As discussed in Note 1 to the financial statements, the 2017 and 2016 financial statements have been restated to correct a misstatement in relation to royalty revenue and royalty expenses.
Basis for Opinion
These financial statements are the responsibility of the Company's management. Our responsibility is to express an opinion on the Company's financial statements based on our audits. We are a public accounting firm registered with the Public Company Accounting Oversight Board (United States) (PCAOB) and are required to be independent with respect to the Company in accordance with the U.S. federal securities laws and the applicable rules and regulations of the Securities and Exchange Commission and the PCAOB.
We conducted our audits in accordance with the standards of the PCAOB. Those standards require that we plan and perform the audit to obtain reasonable assurance about whether the financial statements are free of material misstatement, whether due to error or fraud. The Company is not required to have, nor were we engaged to perform, an audit of its internal control over financial reporting. As part of our audits, we are required to obtain an understanding of internal control over financial reporting but not for the purpose of expressing an opinion on the effectiveness of the Company's internal control over financial reporting. Accordingly, we express no such opinion.

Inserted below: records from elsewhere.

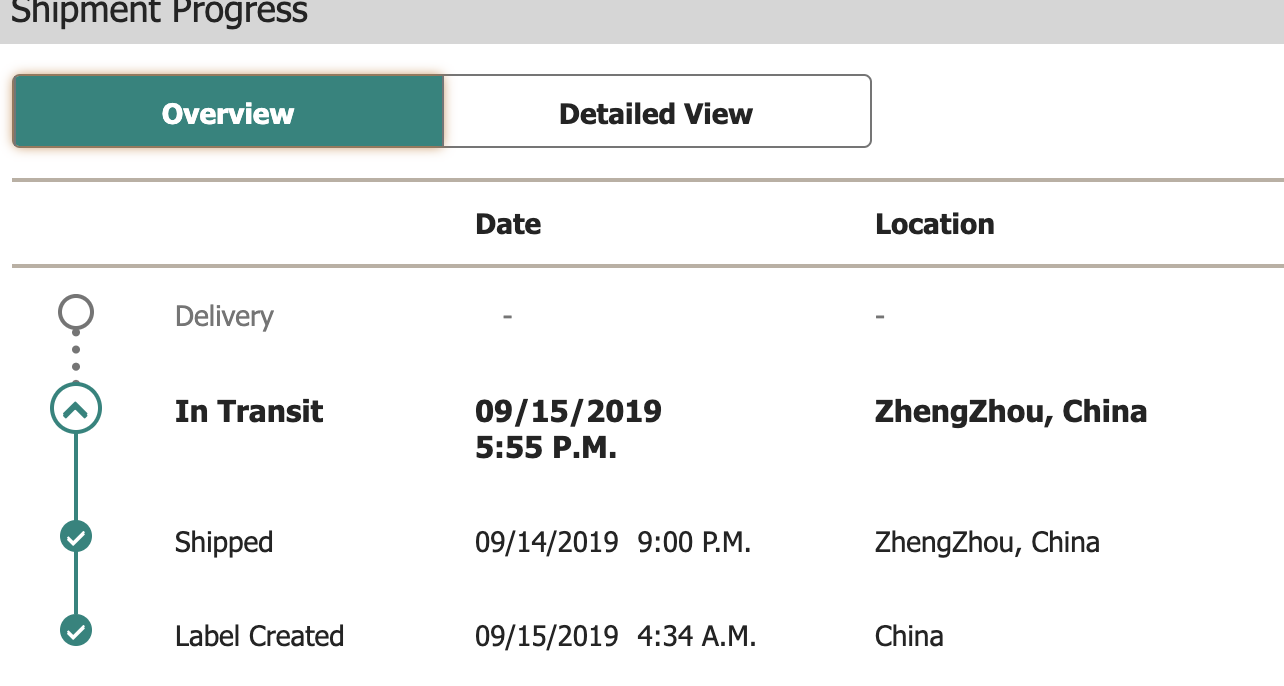 Screen Shot 2019-09-16 at 7.11.51 AM.png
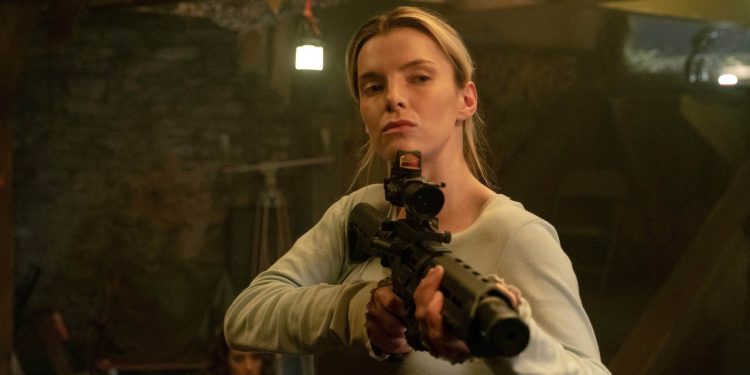 A Caçada: o filme mais polêmico dos últimos anos está no streaming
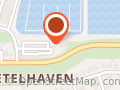 Stichting Jachthaven Ketelmeer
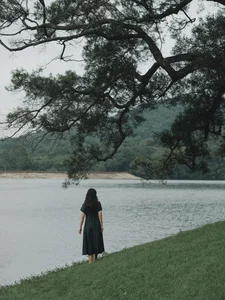 YiTuYu Art Language Vol.4855: Yu Zhou Wu Di Chao Ji Nu Hai Series - image 39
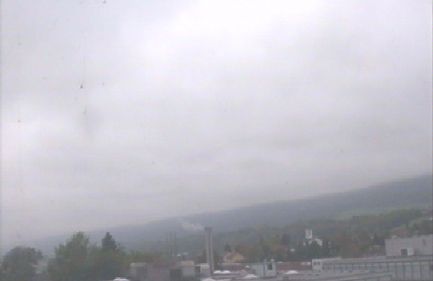 11.10.2025 11:59
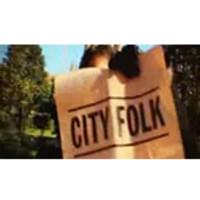 City Folk TV documentaries , Art Loft Lisbon City Folk TV documentaries , Art Loft Lisbon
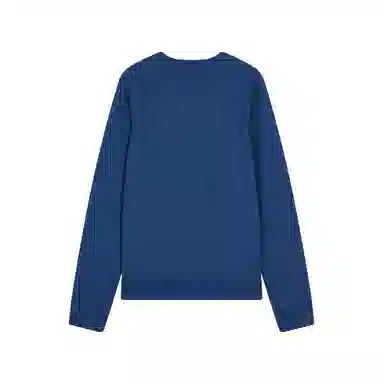 Champion x HARRY POTTER FW25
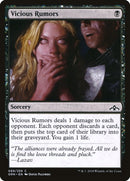 Vicious Rumors (89) [GRN]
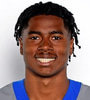 Keilon Brown Avatar
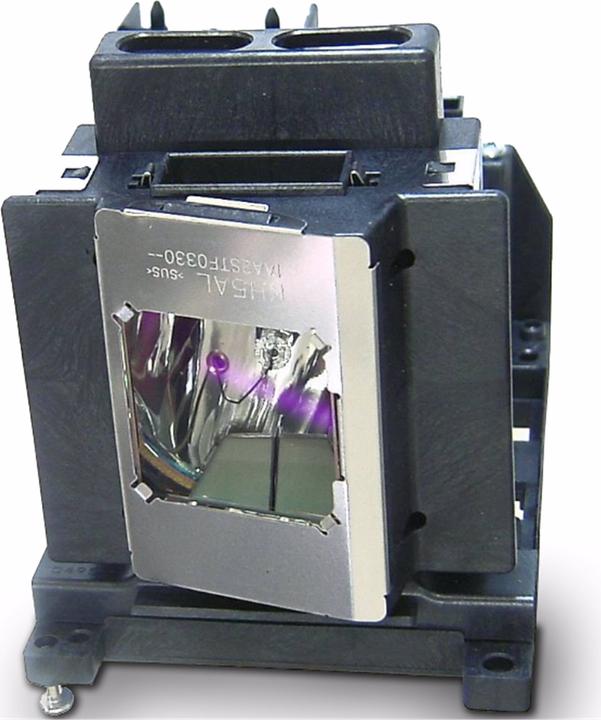 Produktbild CoreParts Projektorlampe (PDG-DHT8000L, PDG-DHT8000)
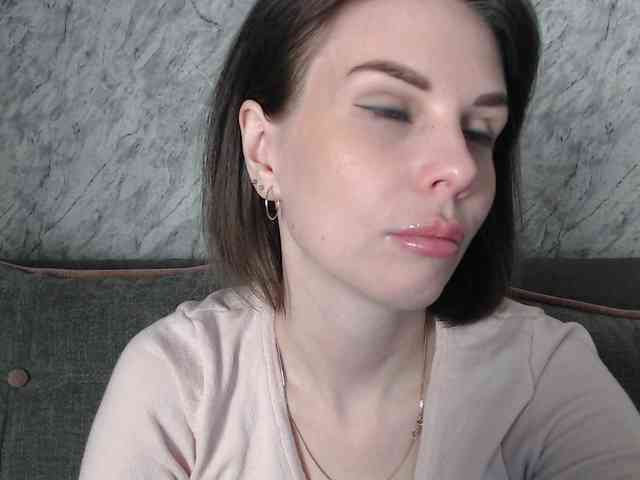 Nastya-29 webcam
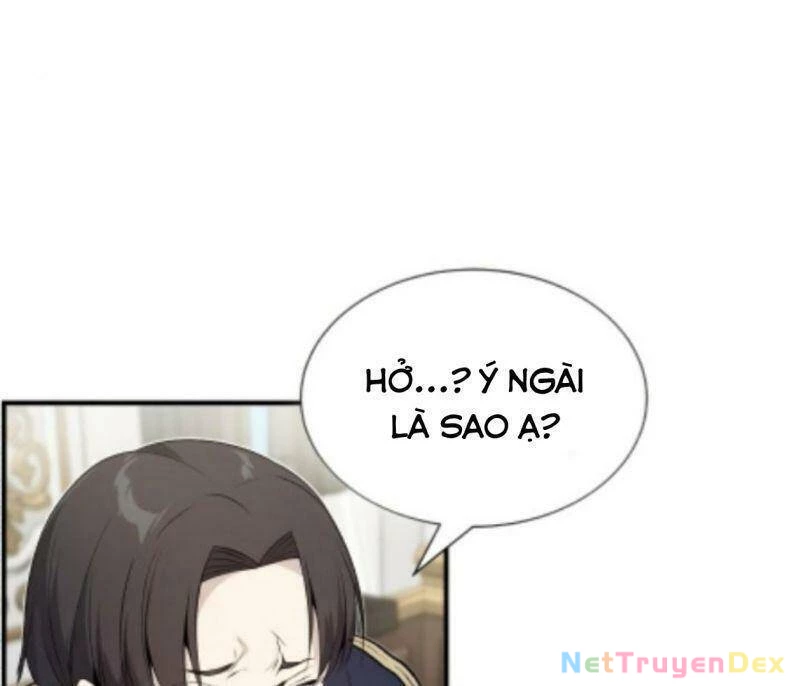 Sự Thức Tỉnh Của Hắc Ma Pháp Sư Sau 66666 Năm Chapter 3 - Trang 4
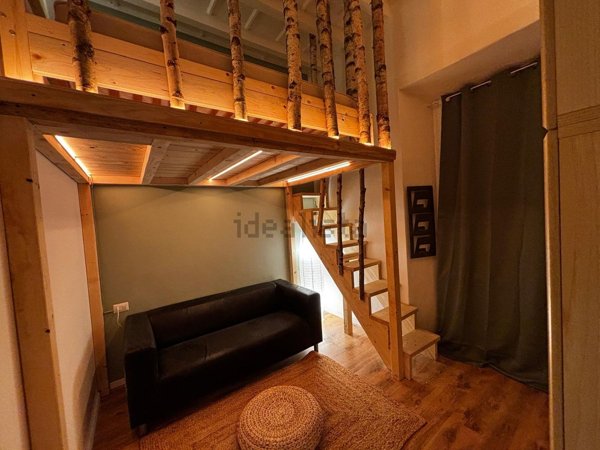 appartamento in affitto a Besana in Brianza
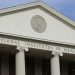 NIH Used Private Emails to Plot Deceptive Response to Protests of Cruel Experiments on Baby Monkeys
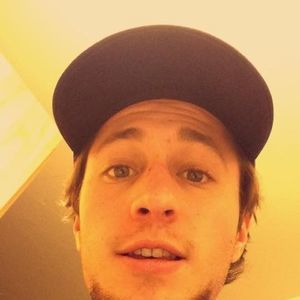 Meet your Posher, Samm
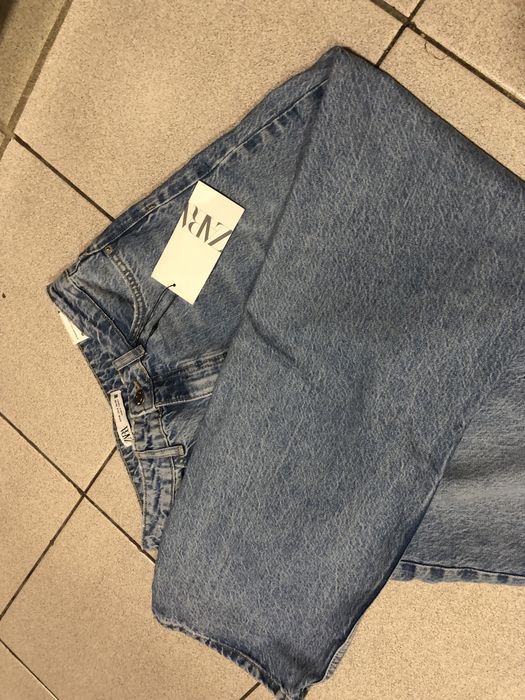 Дънки Zara/36 номер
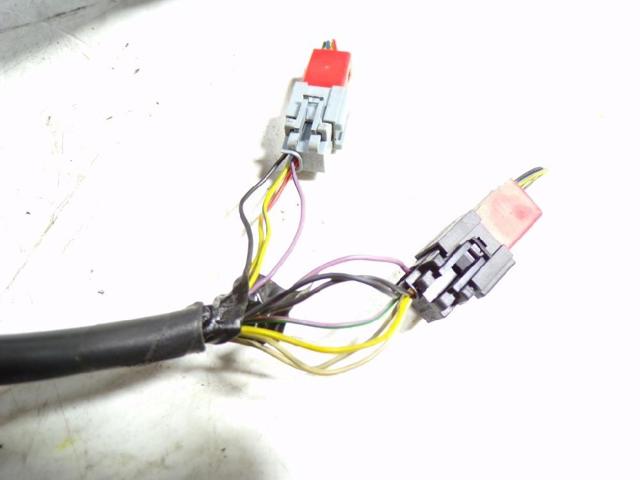 735440832 Fiat/Alfa/Lancia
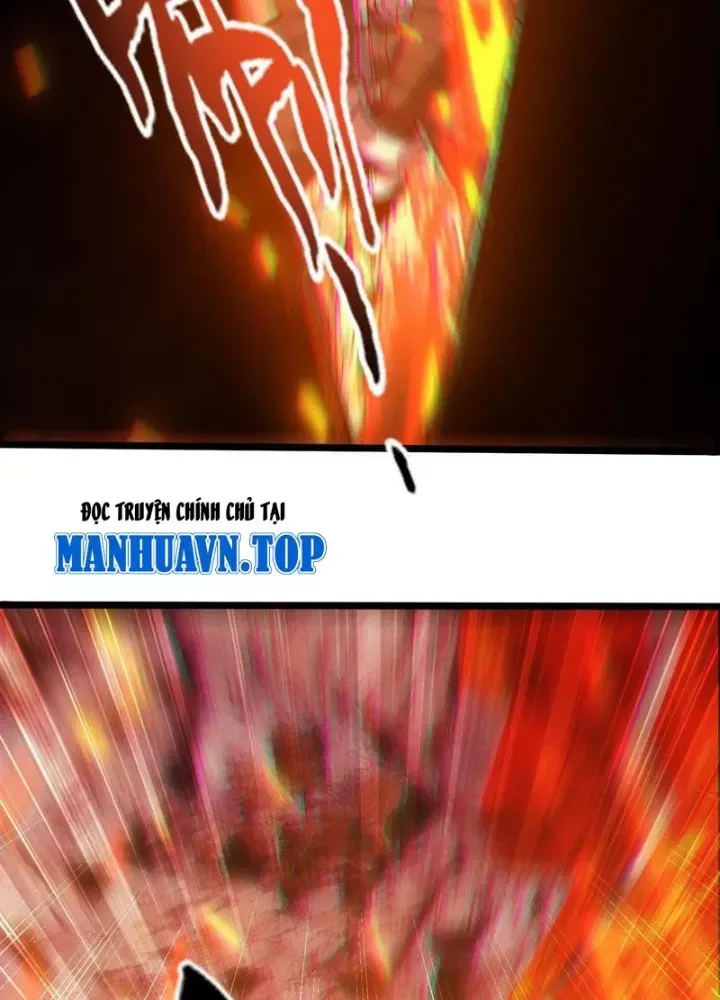 Hạch Đạo Đao Pháp, Ta Một Đao Trấn Thiên Hạ Chapter 10 - Trang 2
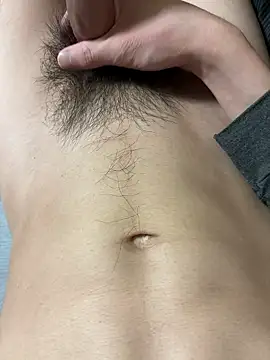 tsune694 online show from 11-23-25, 04:50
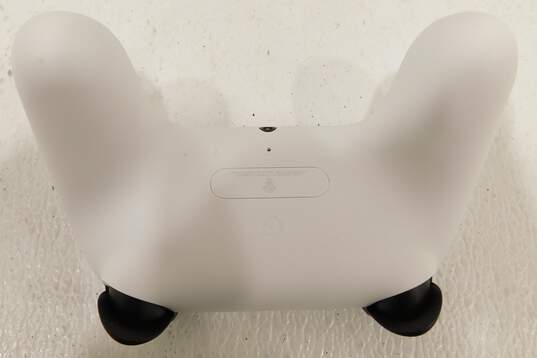 Google Stadia Controller Only image number 3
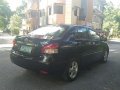 Toyota Vios 2010 Automatic Gasoline for sale in Meycauayan-4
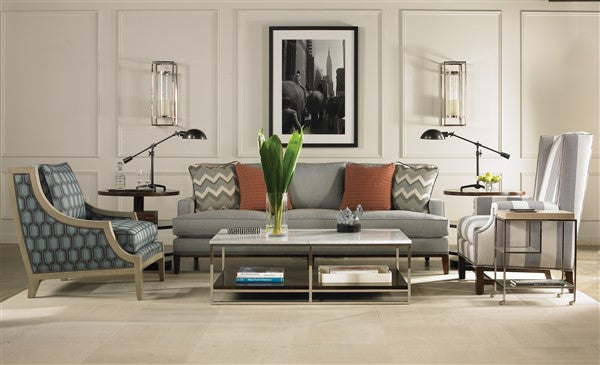 Sterling Sofa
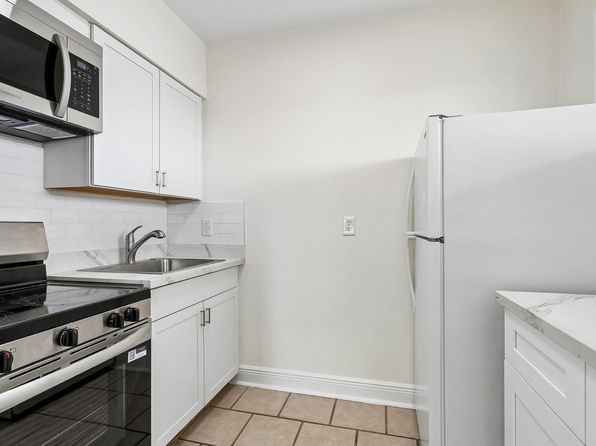 212-216 Severn Ave #B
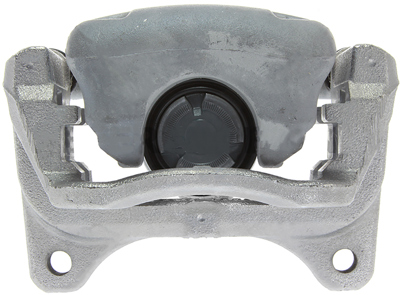 Disc Brake Caliper Centric Parts 141.62668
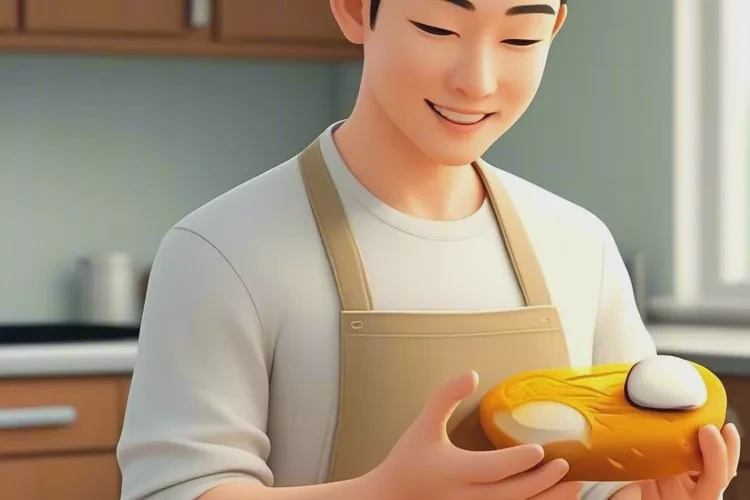 44岁早餐血糖5.8是怎么回事(图1)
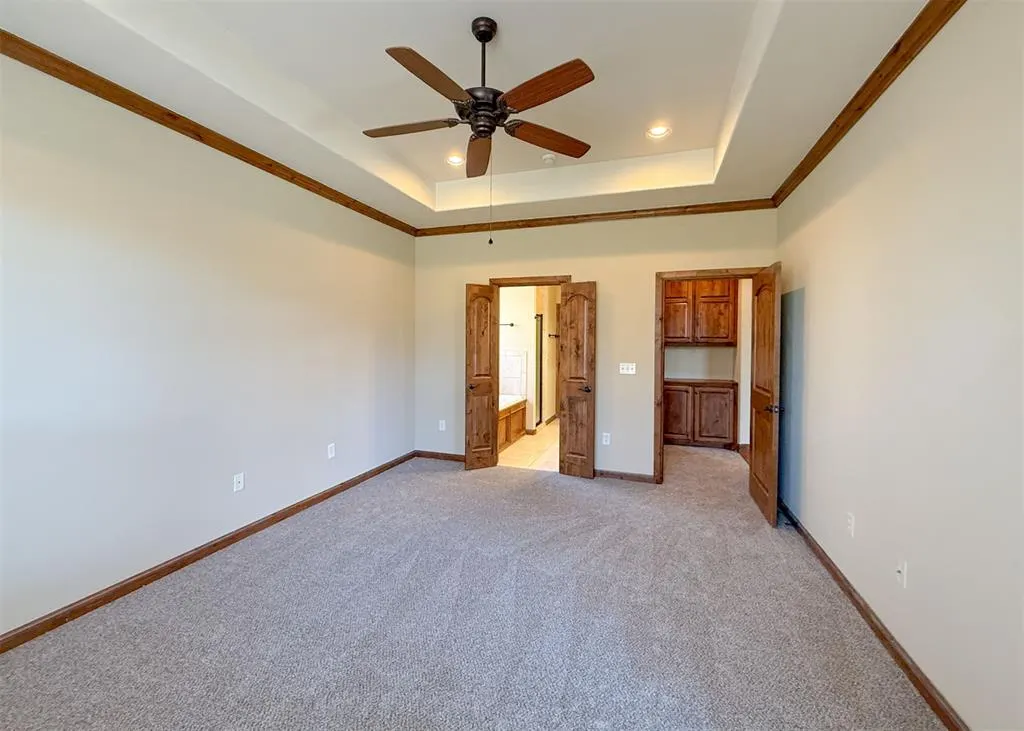 Photo 22 — 14009 Canterbury Drive, Edmond, OK 73013
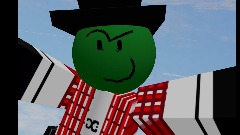 Mrlime_needshelp if he was a Asym killer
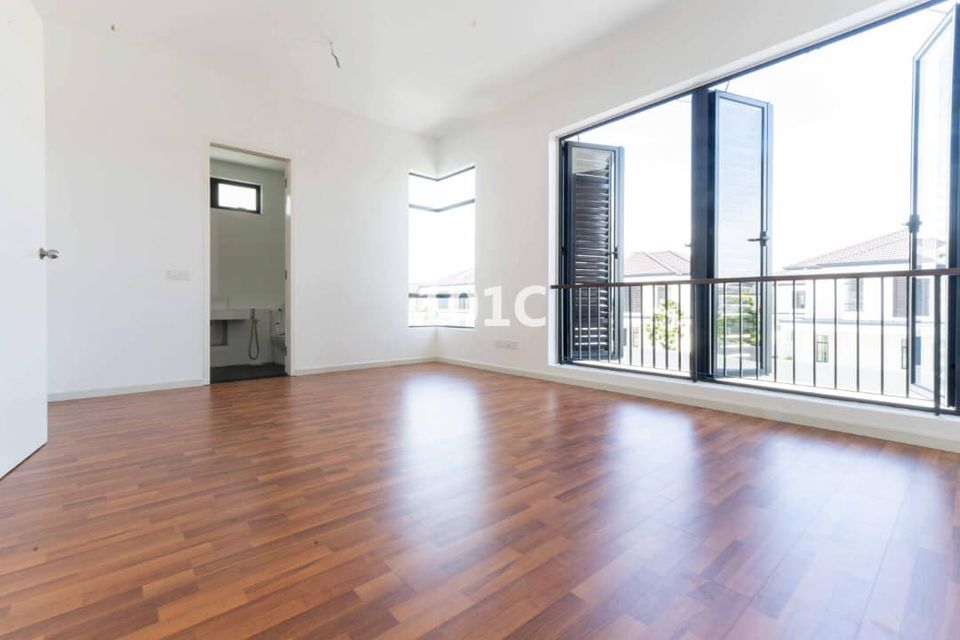 13900000 norton garden - photo 6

Our audits included performing procedures to assess the risks of material misstatement of the financial statements, whether due to error or fraud, and performing procedures that respond to those risks. Such procedures included examining, on a test basis, evidence regarding the amounts and disclosures in the financial statements. Our audits also included evaluating the accounting principles
used and significant estimates made by management, as well as evaluating the overall presentation of the financial statements. We believe that our audits provide a reasonable basis for our opinion.
CVR no: 33963556
|/s/ Martin Norin Faarborg |
|/s/ Sumit Sudan |
March 14, 2019
We have served as the Company's auditor since 2014.